But beyond this – as if those values were not sufficiently remarkable by contemporary standards – there was a belief in a democratic and shared civic culture.  The arts were understood as an integral part of this.

Labour’s 1945 manifesto, ‘Let Us Face the Future’ (modestly described as ‘A Declaration of Labour Policy for the Consideration of the Nation’), urged that:

1945_labour_manifestoNational and local authorities should co-operate to enable people to enjoy their leisure to the full, to have opportunities for healthy recreation.
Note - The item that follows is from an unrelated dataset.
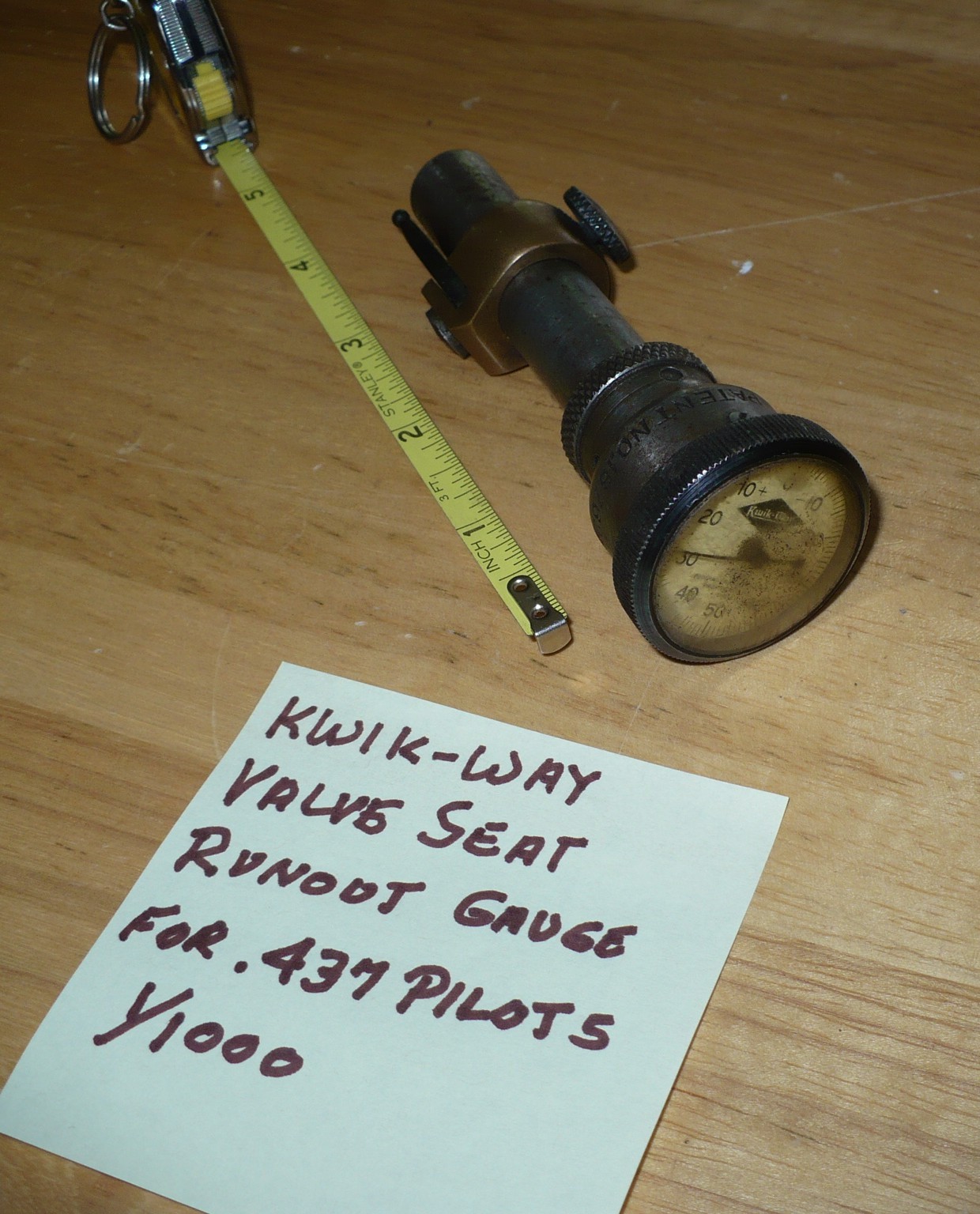 Vintage Kwik-Way Valve Seat Run Out Gauge Dial Indicator for .437 pilots 1/1000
By the provision of concert halls, modern libraries, theatres and suitable civic centres, we desire to assure to our people full access to the great heritage of culture in this nation.

At a national level, the Council for Encouragement of Music and the Arts founded in 1940 was replaced, in January 1945, by the Arts Council and its budget boosted from £50,000 to £235,000. But while described by some as ‘the cultural arm of the Welfare State’, the Council became circumscribed by the elite aesthetics and values of its ‘natural’ middle-class constituency.
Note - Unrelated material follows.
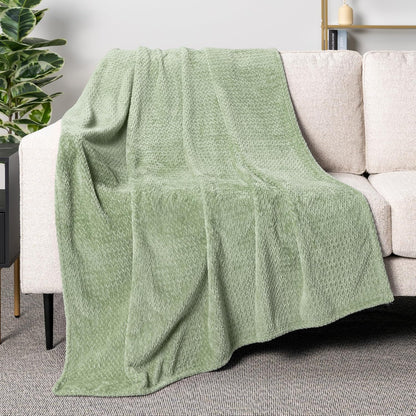 Soft Fleece Light Green Throw Blanket for Couch, Lightweight Plush Warm Blankets for Bed, Fuzzy Cozy Flannel Blanket Throw for Sofa, Travel, Jacquard Pattern, Sage Green, 50X60 Inch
It became, increasingly, the responsibility of local councils to navigate the difficult terrain between high-brow and popular culture.  Section 132 of the 1948 Local Government Act permitted local authorities to provide financial support (up to sixpence in the pound of local rates) to leisure and the arts and gave them this opportunity.  Typically, the London County Council was in the vanguard of such efforts.
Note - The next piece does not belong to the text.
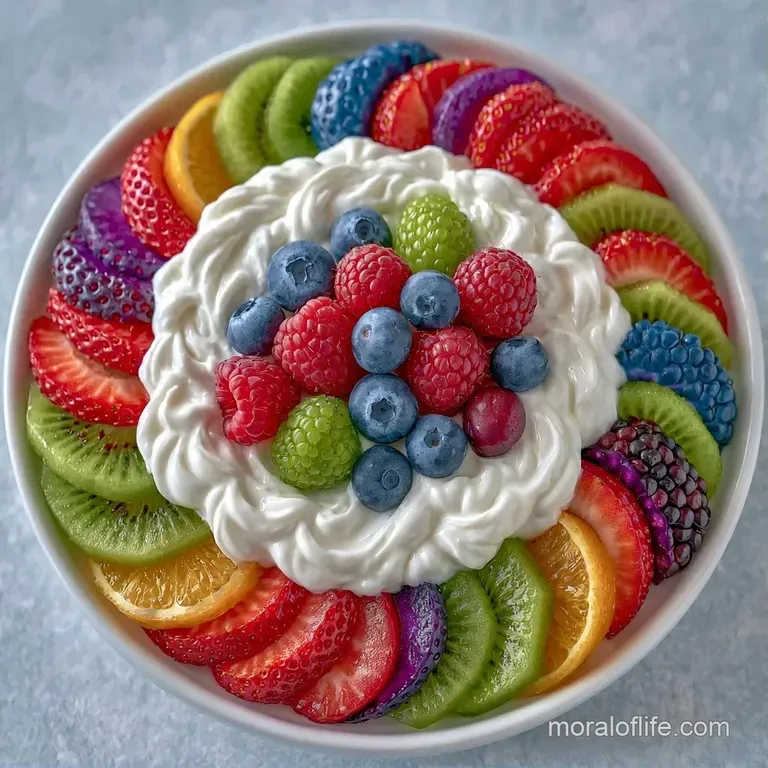 Elegant white platter featuring smooth white dip centered among vibrant red strawberries and crisp green grapes.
Battersea Park open-air sculpture exhibition, 1948

Battersea Park open-air sculpture exhibition, 1948

In 1947, Patricia Strauss, the chair of the LCC’s Parks Committee, suggested holding open-air sculpture exhibitions in the capital’s parks.  Strauss herself (a wealthy middle-class member of the Labour Party and a patron of the arts in her own right) embodied the tensions in the enterprise but she was clear that she wanted it ‘to frankly be an exhibition of Modern Sculpture’ – ‘if the discussion aroused is controversial, so much the better’. (1)

In this, she represented the prevalent views of the more progressive sections of the contemporary arts world and was assisted by Henry Moore, the leading figure in British sculpture of the time.  Moore was an active member of the contemporary arts establishment: ‘a new brand of English public intellectual, committed to a more democratic culture’. (2)

Henry Moore shown working on Three Standing Figures; photograph Felix Man © Picture Post, May 15 1948

Henry Moore shown working on Three Standing Figures; photograph Felix Man © Picture Post, May 15 1948

But his work, though undoubtedly ‘advanced’, was understood – with its themes of family and the human figure – as humanist and Moore himself was not a figure of the metropolitan elite.  He came from Yorkshire; his father had been a pitman and a Labour Party and trade union activist. As a Picture Post article of 1948 stated: (3)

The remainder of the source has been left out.